When spouses are ready to shift from demanding an ideal marriage to accepting a realistic marriage, this is when stress and pressures decrease. Unhealthy marriages demand ideal spouses. Healthy marriages accept realistic spouses. So when you decide to make the shift from demanding ideal expectations to pursuing realistic expectations, this means you do want to pursue and participate in a healthy marriage.
To live in realty is to live in that which is normal. Reality is facing consequences and what really is true of life. Ideal wants to deny the real and only pursue a wish or fantasy. But living in the real means accepting the reality that two spouses are broken, both are going to make mistakes, they will hurt each other intentionally and not intentionally, and they will fail each other at very important times when they really do need each other. All of this is real.
I am all for influencing each other when it comes to expressing some ideas or suggestions a husband or wife would ask their spouse to consider. Spouses do want each other happy or content. They do want to fulfill their spouse’s occasional wants. But if a spouse moves from influence to demands and pressures and makes their spouse feel they need to change, then this will create an unhealthy marriage with unhealthy pressure on one or both spouses to be someone they are not.
You see, realistic spouses realize that life is a journey, and when they get married, both people in a realistic way know they are going to rub off on each other and are going to want to change, evolve, and grow as the years go by. Helping one another grow and to be their best is healthy. Asking your spouse to take ballroom dance lessons with you may be a good idea if both spouses are buying into this plan. Asking your spouse to go with you and take a six-week Italian cooking class at the local college also might be a good idea given both spouses are engaged and wanting to cook together in the kitchen to make delicious pasta dishes together. Spouses can change and grow based upon both spouses having realistic expectations regarding something they want to improve upon or add to their marriage.
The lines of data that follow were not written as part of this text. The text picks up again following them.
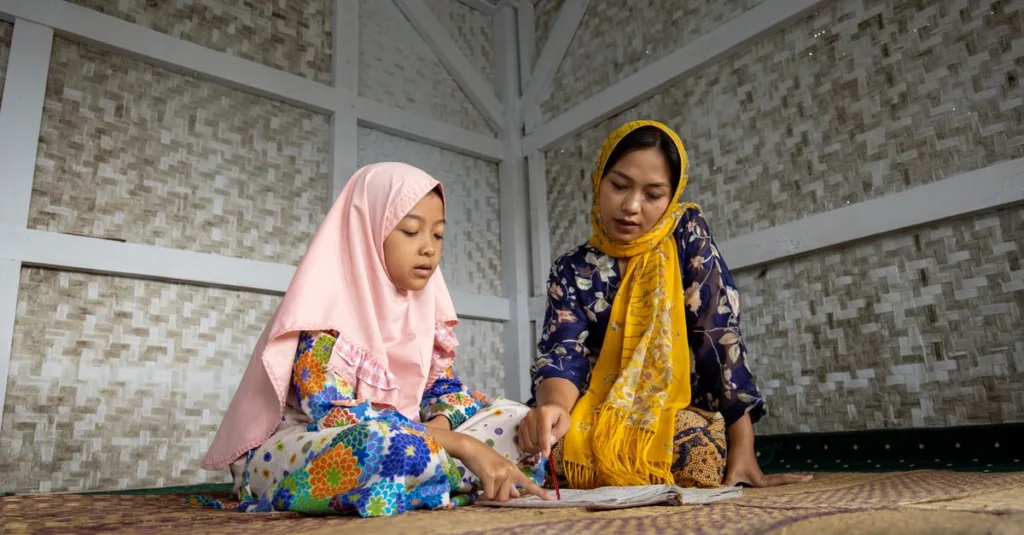 Seorang ibu dan anak perempuannya belajar Al-Quran bersama di rumah mereka di Bandung, Indonesia.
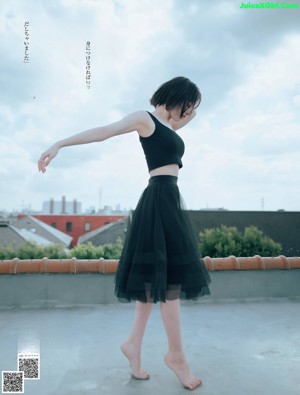 A woman in a white dress posing for a picture.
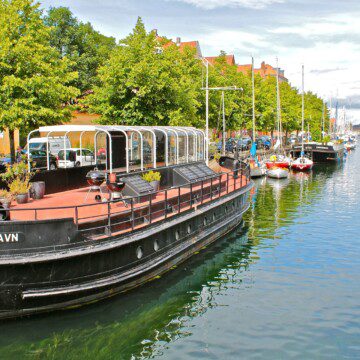 Explore Copenhagen's charming Christianshavn, perfect for finding holiday rentals along its picturesque canals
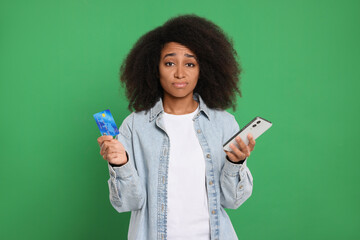 Confused woman with credit card and smartphone on green background. Debt problem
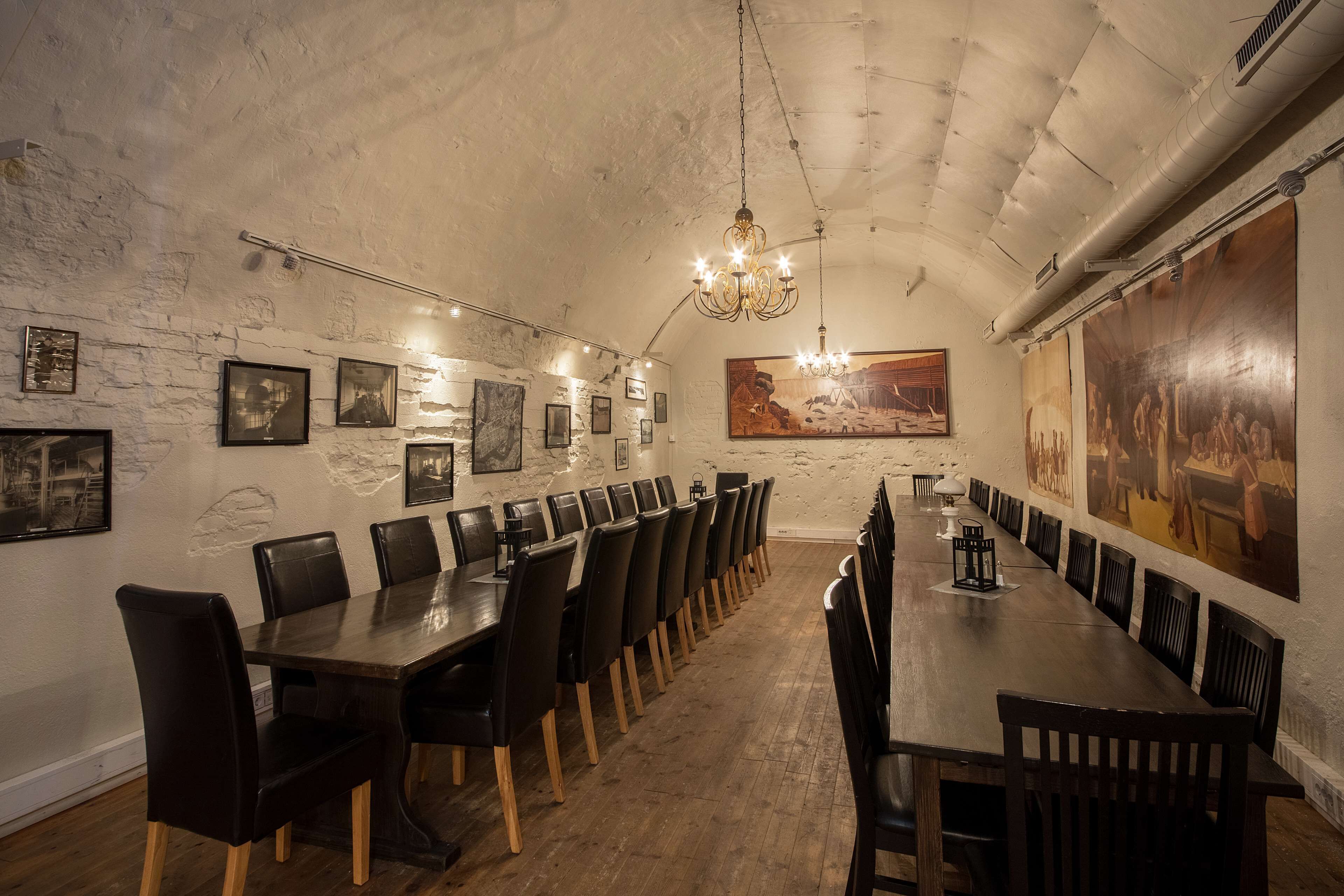 Uma longa mesa de jantar com cadeiras, um candelabro e quadros nas paredes.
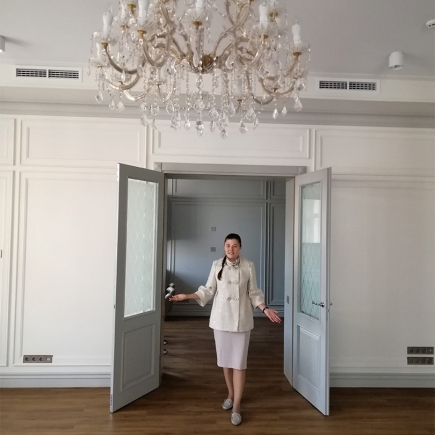 Empty meeting room with classical panelled walls and a chandelier with white shades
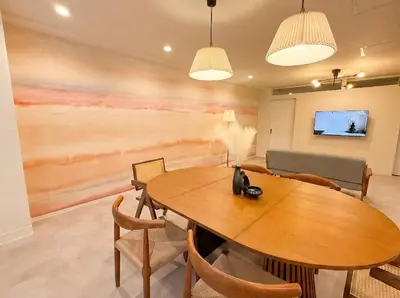 a dining room with a wooden table and chairs at 52 House Shimbashi in Tokyo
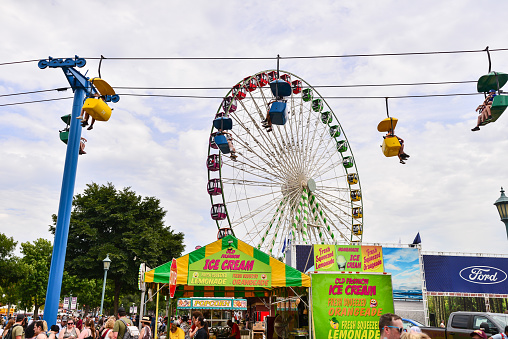 09/02/2023 - St Paul, Minnesota, USA; The Minnesota State Fair during the day. Sky Ride and Ferris Wheel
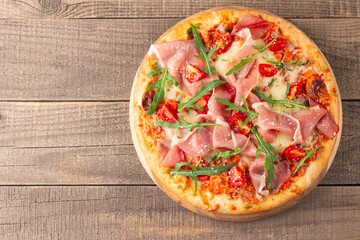 Pizza with prosciutto, ham, arugula, spinach, tomatoes, pesto, cheese and parmesan. Italian cuisine. 
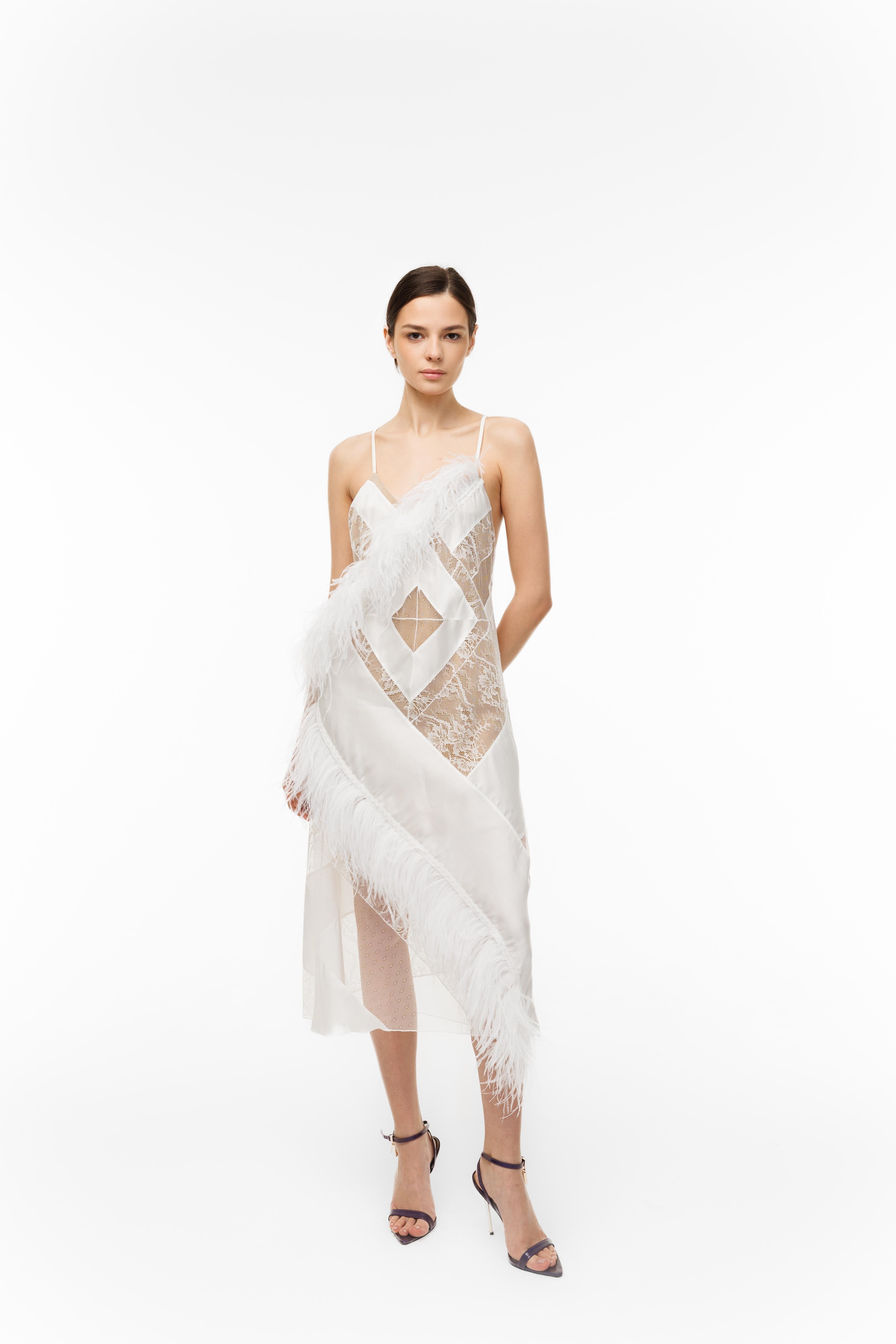 Woman wearing a white lace dress with geometric patterns on a white background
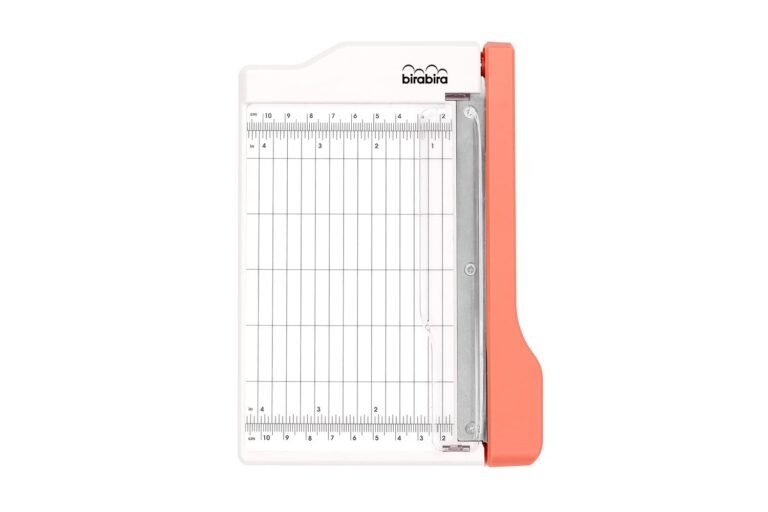 White and coral paper trimmer with grid and ruler markings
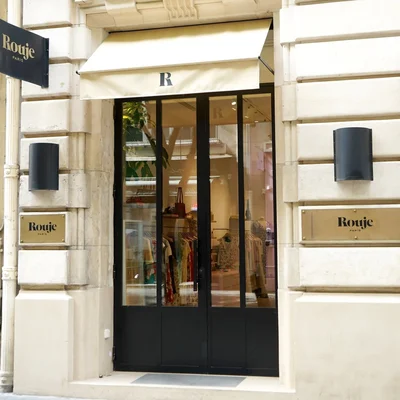 Façade de la boutique Rouje à Paris, 2 rue Bachaumont, avec porte vitrée à encadrement sombre, auvent crème orné d'un R et plaques Rouje Paris sur pierre claire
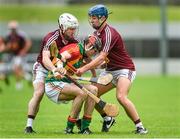 18 May 2014; Gary Kelly, Carlow, in action against Alan Devine, left, and Robbie Greville, Westmeath. GAA All-Ireland Senior Hurling Championship Qualifier Group - Round 4, Carlow v Westmeath. Dr. Cullen Park, Carlow. Picture credit: Pat Murphy / SPORTSFILE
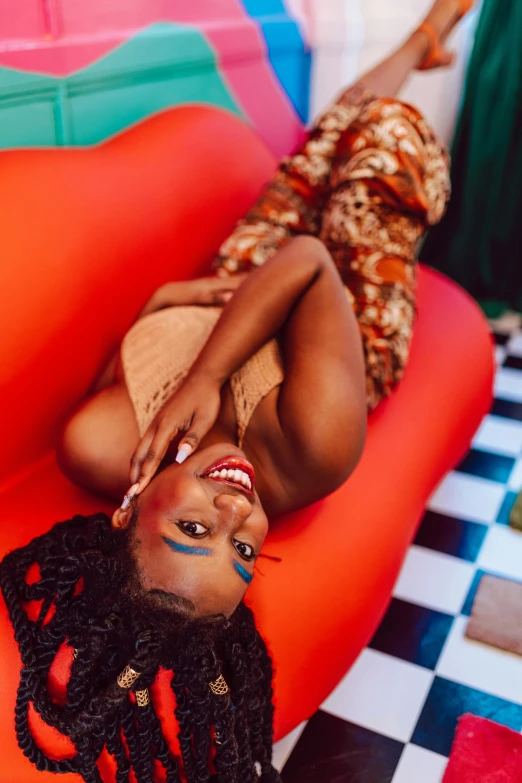 young woman with dyed skin on an orange chair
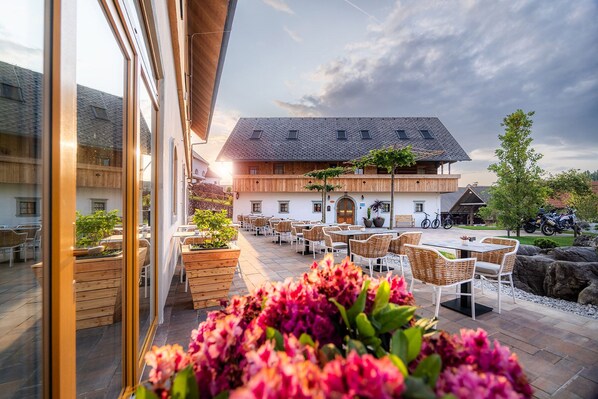 A traditional European-style building with a wooden facade, outdoor seating area with wicker furniture, and a stone pathway.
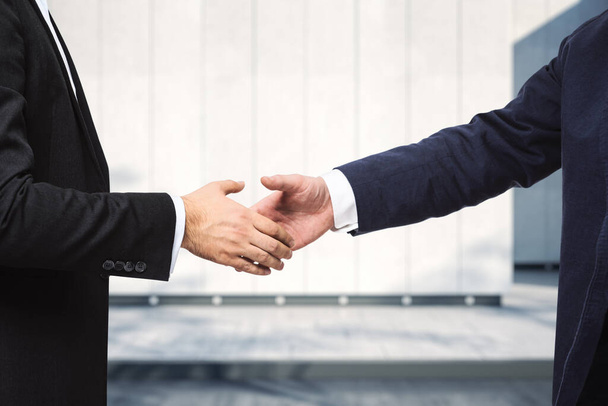 Handshake of two businessmen on the background of sunny exterior of the business center, signing of a contract concept, close up - Φωτογραφία, εικόνα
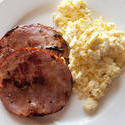 12267   Fried ham slices beside scrambled eggs in plate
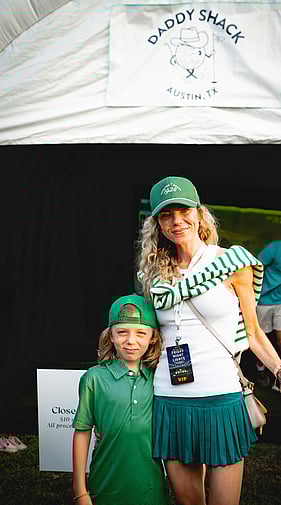 Woman and child in matching green golf outfits posing at a Daddy Shack Austin event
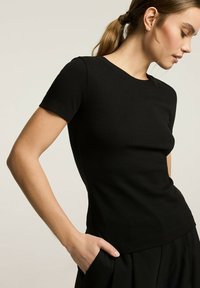 Czarny prążkowany t-shirt z krótkim rękawem, okrągłym dekoltem, dopasowany fason i gładka tekstura, z delikatnym połyskiem.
It is okay to live in reality by coming up with some creative ideas for the marriage and for how maybe the two of you could do this or that. Growth and change happen over time as new ideas and opportunities present themselves. Ten years ago, there were no smartphones or tablets. Realistic spouses may both want to use these devices for the sake of living in the reality of how these devices can help their lives run more smoothly. However, it is unhealthy to place demands and wishes on a spouse to “be like the Joneses” and keep up with everyone else; if they fall behind and do not have the latest car, device, or activity for their kids, they start to feel they are failing and not living up to the idealistic expectations.